Inside the Oak Long Bar at the Fairmont Copley Plaza, runners, race officials, agents, coaches, and spectators ate postrace meals and watched televisions with the latest news on the blasts at the Boston Marathon finish. The hotel serves as the Marathon’s race headquarters and annually becomes a popular postrace gathering place for elite runners and their support teams.
The Oak Long Bar bustled Monday afternoon, but the mood was somber. Runners at the restaurant and in the lobby talked about what happened, tried to fathom what it all meant for marathons, for major sports events, for large public gatherings.
“I’ve lost sleep over the fact that you have 52 miles of open roadway, 26 on each side,” said Guy Morse, who served as Boston Marathon race director from 1985-2000 and BAA executive director from 2000-2010. “That’s the way I looked at it. You look at both sides of the road, as well as the course itself. It is impossible to secure it to the extent necessary. So, it has significant ramifications for major events.

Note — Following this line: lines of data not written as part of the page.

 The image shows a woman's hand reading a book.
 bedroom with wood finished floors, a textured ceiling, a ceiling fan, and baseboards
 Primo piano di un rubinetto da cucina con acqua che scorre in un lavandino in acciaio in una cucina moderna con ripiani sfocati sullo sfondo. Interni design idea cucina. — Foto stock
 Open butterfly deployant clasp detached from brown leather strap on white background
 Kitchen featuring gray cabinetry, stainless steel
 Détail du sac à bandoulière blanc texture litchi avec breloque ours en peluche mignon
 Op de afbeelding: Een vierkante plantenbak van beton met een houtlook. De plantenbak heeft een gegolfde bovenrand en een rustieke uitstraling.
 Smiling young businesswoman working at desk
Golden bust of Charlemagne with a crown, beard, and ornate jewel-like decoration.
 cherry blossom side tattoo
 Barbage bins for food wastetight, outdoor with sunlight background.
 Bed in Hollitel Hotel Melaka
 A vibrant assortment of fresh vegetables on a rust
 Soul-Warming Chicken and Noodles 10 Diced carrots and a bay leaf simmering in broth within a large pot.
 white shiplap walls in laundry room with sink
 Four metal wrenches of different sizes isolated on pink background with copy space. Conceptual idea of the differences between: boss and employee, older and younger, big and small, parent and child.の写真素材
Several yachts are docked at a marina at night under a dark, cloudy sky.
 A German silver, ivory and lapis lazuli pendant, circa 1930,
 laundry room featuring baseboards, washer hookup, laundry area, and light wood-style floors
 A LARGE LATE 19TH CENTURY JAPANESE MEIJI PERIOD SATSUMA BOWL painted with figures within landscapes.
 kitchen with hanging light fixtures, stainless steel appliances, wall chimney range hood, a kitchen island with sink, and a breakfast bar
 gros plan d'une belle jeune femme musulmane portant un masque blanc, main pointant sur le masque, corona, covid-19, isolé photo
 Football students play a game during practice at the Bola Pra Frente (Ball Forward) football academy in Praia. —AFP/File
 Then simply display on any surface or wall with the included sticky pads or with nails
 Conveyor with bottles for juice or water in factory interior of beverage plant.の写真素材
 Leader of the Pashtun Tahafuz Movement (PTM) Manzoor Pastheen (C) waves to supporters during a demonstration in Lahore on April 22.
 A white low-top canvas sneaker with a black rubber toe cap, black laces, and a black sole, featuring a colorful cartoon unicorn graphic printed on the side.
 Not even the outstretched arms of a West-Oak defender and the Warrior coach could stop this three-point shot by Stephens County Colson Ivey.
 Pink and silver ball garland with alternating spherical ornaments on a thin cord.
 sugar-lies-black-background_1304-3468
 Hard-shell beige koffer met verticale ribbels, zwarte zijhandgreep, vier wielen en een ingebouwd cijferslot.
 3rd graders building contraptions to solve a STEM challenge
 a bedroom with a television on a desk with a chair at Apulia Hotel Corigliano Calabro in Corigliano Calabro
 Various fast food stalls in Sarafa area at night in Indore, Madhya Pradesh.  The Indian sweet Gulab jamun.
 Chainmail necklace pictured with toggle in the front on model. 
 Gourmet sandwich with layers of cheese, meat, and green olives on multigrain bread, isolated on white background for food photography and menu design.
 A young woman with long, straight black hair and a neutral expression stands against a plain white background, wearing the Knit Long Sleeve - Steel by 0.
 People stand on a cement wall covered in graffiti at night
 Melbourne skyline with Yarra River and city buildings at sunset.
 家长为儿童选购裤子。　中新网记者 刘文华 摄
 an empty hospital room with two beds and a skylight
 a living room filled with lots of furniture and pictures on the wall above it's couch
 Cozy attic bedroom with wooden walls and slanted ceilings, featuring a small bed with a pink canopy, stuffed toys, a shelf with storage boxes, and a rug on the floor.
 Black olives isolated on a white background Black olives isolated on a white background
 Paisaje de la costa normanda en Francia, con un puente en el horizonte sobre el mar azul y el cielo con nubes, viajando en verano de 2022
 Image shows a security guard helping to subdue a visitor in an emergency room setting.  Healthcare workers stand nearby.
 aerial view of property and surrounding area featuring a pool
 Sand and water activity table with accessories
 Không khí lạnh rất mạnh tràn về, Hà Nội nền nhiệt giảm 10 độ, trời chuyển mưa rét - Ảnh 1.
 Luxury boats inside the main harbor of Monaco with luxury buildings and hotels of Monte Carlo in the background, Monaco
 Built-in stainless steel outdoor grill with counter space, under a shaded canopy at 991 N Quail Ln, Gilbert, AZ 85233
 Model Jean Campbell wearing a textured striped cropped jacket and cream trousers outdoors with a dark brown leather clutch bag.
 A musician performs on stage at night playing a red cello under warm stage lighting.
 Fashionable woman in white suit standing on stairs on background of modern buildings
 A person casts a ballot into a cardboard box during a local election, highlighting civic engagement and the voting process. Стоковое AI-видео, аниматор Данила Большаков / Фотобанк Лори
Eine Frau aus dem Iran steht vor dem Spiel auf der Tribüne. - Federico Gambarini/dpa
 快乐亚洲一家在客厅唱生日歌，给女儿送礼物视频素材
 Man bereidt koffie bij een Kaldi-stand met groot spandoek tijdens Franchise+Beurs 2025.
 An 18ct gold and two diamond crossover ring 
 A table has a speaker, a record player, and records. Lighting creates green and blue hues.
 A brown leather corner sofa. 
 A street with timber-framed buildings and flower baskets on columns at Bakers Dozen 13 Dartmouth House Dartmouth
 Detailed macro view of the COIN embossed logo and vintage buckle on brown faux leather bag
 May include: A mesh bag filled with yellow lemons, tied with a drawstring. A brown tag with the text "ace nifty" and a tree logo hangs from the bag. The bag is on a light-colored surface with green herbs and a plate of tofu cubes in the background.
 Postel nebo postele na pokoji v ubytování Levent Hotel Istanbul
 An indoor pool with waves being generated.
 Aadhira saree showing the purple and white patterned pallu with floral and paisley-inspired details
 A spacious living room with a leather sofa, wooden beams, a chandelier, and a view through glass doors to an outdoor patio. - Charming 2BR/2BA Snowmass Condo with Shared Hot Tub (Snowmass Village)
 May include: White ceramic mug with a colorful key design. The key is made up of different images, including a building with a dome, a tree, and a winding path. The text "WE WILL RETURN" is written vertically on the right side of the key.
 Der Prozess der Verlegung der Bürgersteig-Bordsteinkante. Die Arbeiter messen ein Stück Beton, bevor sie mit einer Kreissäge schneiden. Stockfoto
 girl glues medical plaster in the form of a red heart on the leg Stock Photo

“From the Olympics on down, we’re all in the same mode of providing as effective a security net as we can for runners and spectators.”
Certainly, the two Boylston Street bombings forever will change the Boston Marathon. The 117th edition of the race will be remembered for what happened in the finish area, the deaths and countless injuries. The future will bring tighter security in Boston and at marathons around the world, though security always has been a pressing concern for all marathon organizers.